UConn has joined a planning group that will discuss ways to maintain and improve the Natchaug Basin, a 114,000-acre tract of land and water that contains a diversity of aquatic and terrestrial plants and animals. It is the largest public surface drinking water supply watershed in Connecticut.
More than half of UConn’s Storrs campus sits within the basin, and water from the basin’s three main rivers – the Fenton, Natchaug, and Mount Hope – supports the water needs of the University and 22,000 residents of Mansfield and Willimantic. It is also valued for its wildlife habitat, its history, and its beauty, and as a recreation resource.
Besides UConn, the Natchaug Basin Conservation Action Planning program includes representatives from each of the eight towns located in the watershed, local conservation organizations, and state and local agencies.
The Green Valley Institute, a program in UConn’s Department of Extension, is leading the effort. The group will begin meeting in October.
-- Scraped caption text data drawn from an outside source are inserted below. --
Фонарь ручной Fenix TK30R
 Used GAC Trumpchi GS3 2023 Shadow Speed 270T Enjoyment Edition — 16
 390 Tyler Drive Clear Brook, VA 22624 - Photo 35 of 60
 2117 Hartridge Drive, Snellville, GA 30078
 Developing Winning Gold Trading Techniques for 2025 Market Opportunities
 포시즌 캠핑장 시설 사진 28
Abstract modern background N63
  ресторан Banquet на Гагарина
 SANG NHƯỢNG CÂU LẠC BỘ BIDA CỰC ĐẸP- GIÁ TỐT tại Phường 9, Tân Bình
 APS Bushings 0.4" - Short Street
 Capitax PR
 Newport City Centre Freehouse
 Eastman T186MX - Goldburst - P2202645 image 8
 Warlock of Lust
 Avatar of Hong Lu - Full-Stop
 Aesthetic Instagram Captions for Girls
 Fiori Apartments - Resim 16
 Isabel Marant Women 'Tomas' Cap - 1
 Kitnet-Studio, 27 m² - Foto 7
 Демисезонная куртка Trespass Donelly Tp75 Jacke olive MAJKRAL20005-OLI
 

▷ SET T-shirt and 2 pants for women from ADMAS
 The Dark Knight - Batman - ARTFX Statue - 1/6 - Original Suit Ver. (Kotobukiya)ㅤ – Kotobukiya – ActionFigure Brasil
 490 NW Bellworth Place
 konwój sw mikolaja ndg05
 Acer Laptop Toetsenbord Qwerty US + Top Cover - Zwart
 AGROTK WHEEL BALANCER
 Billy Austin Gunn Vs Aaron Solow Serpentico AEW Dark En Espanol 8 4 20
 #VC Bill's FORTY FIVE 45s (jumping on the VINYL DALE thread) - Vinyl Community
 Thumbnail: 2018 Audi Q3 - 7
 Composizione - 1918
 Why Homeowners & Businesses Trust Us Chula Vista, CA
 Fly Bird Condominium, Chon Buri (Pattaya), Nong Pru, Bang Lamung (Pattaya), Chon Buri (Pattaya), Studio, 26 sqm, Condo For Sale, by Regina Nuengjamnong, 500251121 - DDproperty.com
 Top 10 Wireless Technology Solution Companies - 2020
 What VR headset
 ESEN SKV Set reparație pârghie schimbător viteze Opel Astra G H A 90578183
“UConn is a uniquely positioned partner, capable of providing scientific expertise and research as well as outreach and education,” University President Michael J. Hogan said.
“It is extremely important that the University contribute its resources and expertise to the preservation of Connecticut’s environment, especially areas of such significance.”
The planning committee will be working to identify key factors that promote the integrity of the streams, wetlands, forest, and fish in the conservation area; identify and rank the primary threats affecting the overall condition of the forest and freshwater systems; define strategies to address the threats and restoration needs; and create an action plan specific to each strategy, together with a timeline for completion.